> _Assigned task_
Which lines of the entries below include "Pullover"? List them all.
Top of Input data
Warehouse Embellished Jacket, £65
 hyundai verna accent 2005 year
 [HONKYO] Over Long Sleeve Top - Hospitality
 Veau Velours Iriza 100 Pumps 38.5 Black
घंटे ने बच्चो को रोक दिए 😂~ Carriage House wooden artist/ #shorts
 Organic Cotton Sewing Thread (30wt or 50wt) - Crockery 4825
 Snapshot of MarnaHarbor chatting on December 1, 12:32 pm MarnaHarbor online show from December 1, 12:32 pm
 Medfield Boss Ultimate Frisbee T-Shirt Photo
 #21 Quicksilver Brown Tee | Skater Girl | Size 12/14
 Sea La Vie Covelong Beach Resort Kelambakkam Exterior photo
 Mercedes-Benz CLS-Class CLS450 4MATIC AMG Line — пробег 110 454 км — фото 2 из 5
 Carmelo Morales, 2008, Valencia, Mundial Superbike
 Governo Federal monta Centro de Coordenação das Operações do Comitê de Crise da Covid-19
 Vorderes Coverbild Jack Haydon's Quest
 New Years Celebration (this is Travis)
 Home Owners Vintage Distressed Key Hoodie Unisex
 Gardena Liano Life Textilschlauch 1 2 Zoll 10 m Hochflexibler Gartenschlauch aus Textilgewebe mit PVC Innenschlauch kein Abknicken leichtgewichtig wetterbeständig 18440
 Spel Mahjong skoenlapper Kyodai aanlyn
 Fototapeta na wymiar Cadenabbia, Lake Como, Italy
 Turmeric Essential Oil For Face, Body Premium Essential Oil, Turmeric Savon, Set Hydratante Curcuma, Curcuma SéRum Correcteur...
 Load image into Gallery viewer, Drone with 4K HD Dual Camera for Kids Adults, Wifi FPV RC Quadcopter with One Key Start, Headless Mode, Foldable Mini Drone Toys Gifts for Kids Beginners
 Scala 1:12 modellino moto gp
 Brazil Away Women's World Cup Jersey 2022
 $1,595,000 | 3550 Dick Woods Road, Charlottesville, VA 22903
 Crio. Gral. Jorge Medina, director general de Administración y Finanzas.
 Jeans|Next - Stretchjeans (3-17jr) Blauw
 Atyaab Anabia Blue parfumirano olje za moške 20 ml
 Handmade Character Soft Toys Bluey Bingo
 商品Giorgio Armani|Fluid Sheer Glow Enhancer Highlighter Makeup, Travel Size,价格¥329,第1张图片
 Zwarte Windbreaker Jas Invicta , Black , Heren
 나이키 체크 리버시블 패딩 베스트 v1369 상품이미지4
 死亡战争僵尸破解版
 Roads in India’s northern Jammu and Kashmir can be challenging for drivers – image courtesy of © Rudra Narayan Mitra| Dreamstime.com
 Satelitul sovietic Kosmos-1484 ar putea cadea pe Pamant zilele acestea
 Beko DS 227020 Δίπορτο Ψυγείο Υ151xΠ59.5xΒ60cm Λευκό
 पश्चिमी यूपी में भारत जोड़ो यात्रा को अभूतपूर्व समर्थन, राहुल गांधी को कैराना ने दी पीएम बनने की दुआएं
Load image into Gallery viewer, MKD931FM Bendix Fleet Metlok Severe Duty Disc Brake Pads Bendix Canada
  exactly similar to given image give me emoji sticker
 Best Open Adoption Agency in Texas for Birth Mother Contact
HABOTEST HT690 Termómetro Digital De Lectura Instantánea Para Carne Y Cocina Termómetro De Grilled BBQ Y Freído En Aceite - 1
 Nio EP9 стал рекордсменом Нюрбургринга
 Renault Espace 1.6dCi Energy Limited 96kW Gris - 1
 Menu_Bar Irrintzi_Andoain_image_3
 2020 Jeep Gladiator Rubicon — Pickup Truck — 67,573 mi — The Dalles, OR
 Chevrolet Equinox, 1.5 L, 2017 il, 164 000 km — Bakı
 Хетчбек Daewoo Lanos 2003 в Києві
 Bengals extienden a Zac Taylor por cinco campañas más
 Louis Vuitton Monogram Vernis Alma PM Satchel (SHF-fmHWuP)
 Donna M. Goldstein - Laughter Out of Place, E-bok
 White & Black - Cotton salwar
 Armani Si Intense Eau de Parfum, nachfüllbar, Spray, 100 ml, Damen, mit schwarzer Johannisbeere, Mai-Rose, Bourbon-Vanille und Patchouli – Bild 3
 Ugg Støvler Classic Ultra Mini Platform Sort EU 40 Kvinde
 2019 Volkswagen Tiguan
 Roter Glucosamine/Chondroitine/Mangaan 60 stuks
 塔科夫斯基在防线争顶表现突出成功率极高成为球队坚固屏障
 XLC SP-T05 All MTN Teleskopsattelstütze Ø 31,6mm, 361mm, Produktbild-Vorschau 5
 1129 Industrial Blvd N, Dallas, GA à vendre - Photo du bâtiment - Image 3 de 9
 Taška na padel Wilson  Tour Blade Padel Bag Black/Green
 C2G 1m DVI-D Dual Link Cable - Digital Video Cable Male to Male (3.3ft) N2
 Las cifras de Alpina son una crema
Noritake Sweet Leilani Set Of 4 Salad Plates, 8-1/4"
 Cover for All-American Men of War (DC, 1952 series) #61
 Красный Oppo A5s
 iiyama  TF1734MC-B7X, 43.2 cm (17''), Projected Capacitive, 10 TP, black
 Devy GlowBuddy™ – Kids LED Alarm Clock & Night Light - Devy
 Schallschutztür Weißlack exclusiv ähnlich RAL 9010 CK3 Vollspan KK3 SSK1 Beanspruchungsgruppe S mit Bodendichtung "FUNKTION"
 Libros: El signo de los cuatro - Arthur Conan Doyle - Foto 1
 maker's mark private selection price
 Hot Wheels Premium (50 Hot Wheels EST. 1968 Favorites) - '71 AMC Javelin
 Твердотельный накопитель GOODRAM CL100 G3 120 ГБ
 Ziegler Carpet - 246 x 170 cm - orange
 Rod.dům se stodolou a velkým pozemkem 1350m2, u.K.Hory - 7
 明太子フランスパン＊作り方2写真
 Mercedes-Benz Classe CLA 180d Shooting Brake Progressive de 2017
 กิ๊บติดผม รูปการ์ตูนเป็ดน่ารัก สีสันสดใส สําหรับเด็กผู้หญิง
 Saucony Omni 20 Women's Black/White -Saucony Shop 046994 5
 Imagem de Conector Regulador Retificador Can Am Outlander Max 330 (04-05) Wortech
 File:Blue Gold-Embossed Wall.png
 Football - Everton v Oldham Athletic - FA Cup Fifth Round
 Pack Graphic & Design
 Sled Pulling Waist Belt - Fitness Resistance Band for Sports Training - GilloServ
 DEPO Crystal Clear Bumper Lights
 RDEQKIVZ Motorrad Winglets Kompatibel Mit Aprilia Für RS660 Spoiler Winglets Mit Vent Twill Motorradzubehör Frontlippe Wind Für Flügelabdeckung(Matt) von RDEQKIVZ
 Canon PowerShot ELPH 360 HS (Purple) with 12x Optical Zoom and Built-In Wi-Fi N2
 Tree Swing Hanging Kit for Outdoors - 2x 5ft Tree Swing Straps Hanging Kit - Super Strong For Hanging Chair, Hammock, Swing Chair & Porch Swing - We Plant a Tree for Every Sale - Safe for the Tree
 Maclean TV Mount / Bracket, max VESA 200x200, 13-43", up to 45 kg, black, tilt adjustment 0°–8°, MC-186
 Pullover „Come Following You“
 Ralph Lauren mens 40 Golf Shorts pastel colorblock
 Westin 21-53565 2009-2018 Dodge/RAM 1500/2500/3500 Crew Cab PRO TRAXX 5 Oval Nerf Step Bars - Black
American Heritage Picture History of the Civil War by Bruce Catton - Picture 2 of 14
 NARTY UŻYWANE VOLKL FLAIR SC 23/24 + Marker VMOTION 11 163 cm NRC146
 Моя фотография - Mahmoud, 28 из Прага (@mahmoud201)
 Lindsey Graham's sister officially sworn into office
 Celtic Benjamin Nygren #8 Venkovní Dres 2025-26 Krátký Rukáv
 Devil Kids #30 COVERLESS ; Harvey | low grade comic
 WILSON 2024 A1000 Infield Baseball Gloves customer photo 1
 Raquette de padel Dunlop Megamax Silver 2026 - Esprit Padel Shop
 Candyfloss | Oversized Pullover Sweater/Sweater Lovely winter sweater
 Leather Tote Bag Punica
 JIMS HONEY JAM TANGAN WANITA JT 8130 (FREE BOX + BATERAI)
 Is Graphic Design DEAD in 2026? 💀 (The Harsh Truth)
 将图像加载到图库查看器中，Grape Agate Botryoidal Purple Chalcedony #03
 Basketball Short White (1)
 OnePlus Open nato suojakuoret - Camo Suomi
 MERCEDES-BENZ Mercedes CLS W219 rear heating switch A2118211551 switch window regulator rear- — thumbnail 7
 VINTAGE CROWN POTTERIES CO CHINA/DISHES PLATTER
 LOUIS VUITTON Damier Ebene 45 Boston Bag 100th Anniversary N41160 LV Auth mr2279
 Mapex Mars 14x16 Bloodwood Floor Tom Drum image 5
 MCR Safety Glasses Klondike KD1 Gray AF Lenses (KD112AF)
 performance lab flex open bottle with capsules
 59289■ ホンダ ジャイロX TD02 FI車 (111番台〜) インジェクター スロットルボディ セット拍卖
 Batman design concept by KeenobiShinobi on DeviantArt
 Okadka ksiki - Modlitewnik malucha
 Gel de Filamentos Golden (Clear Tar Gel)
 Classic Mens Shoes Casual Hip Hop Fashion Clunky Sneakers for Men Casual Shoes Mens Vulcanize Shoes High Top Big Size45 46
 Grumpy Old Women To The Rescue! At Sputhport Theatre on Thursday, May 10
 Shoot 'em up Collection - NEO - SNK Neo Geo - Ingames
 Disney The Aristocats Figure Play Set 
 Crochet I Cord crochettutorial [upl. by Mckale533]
Bottom of Input data
> _Exercise answer_
 Pullover „Come Following You“
 Candyfloss | Oversized Pullover Sweater/Sweater Lovely winter sweater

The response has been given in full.